Fallen stock area is facing crisis

7 September 2001

Fallen stock area is facing crisis

DISPOSAL of fallen stock is an essential service for producers, but it is being stretched by foot-and-mouth movement restrictions adding costs to both knacker yards and kennels.

Except for fallen cattle over 24 months, now collected for the BSE survey, fallen stock can be moved under a general licence for disposal, according to DEFRA. This applies to farms without a Form D or A notice, with carcasses normally picked up from the farm gate.

However, DEFRA guidelines mean not transporting carcasses from more than one farm at a time and disinfecting vehicles before entering or leaving a farm.

This increases knacker yards mileage and takes extra time, according to the Licensed Animal Slaughterers and Salvage Association.

"Most do not have the resources or vehicle numbers to cope. An additional problem is declining incomes with most knacker yards 65% down on cattle numbers this summer, due to the BSE survey," it adds.

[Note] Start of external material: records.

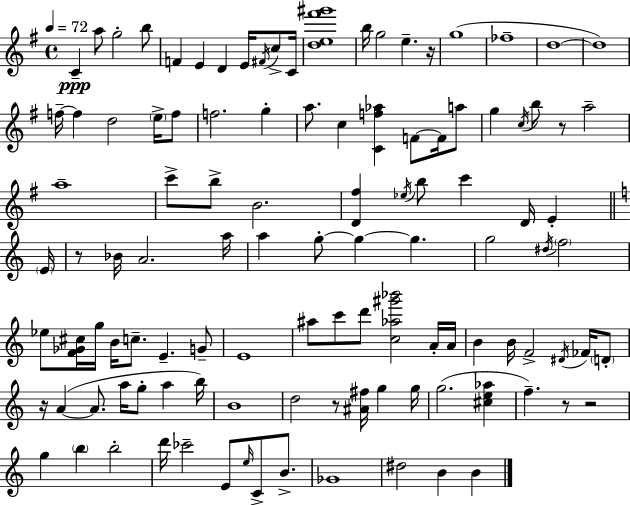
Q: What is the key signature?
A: E minor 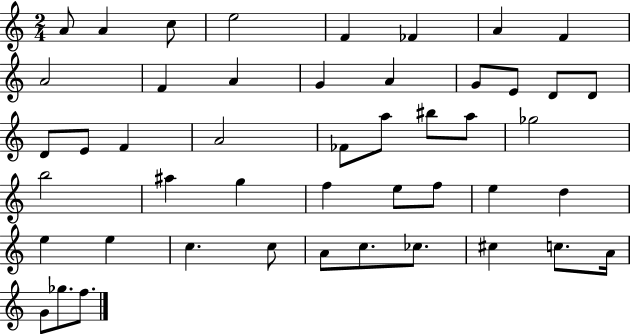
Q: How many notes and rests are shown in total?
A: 47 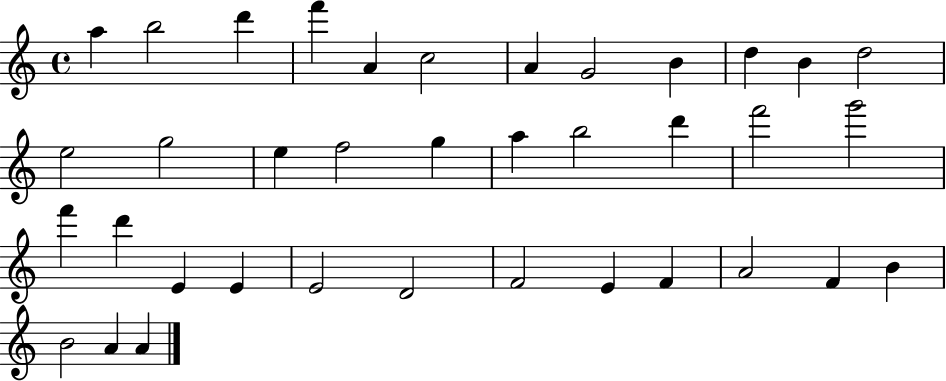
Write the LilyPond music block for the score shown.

{
  \clef treble
  \time 4/4
  \defaultTimeSignature
  \key c \major
  a''4 b''2 d'''4 | f'''4 a'4 c''2 | a'4 g'2 b'4 | d''4 b'4 d''2 | \break e''2 g''2 | e''4 f''2 g''4 | a''4 b''2 d'''4 | f'''2 g'''2 | \break f'''4 d'''4 e'4 e'4 | e'2 d'2 | f'2 e'4 f'4 | a'2 f'4 b'4 | \break b'2 a'4 a'4 | \bar "|."
} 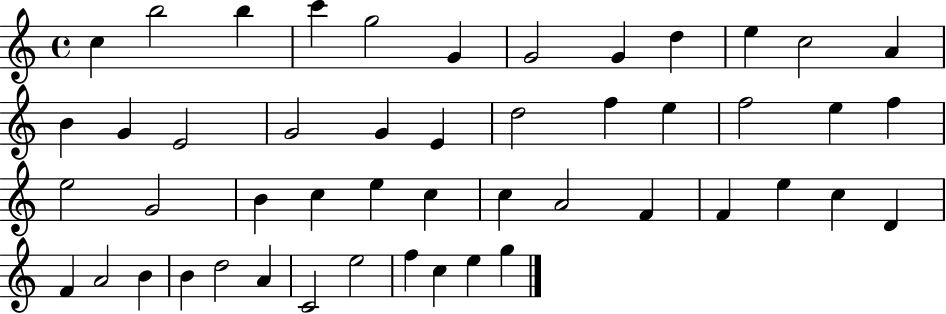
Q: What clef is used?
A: treble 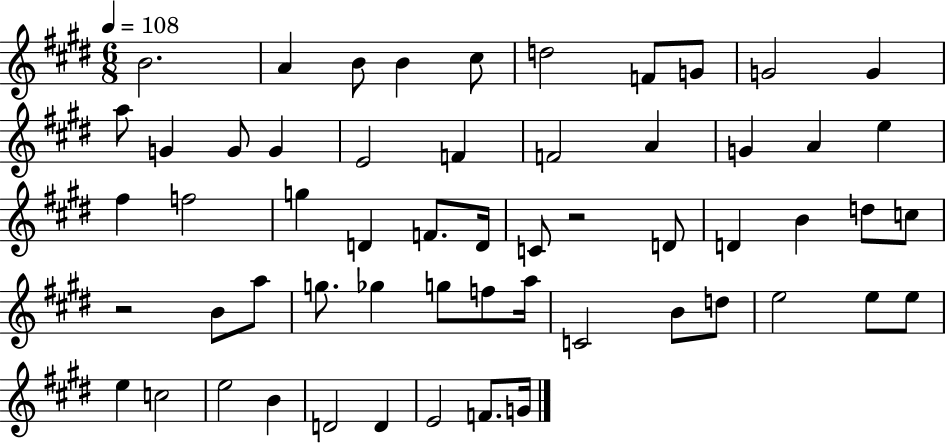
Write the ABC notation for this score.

For smaller animals, such as sheep, it is uneconomic for knacker yards to collect them and this is left to kennels.

Most kennels are still providing a collection service, says the Countryside Alliances Simon Hart. But they are having to operate under the same rules as knackers, yards. &#42

Kennels are also facing extra costs and have seen incomes drop, but assure producers they will carry on with the service, says Mr Hart.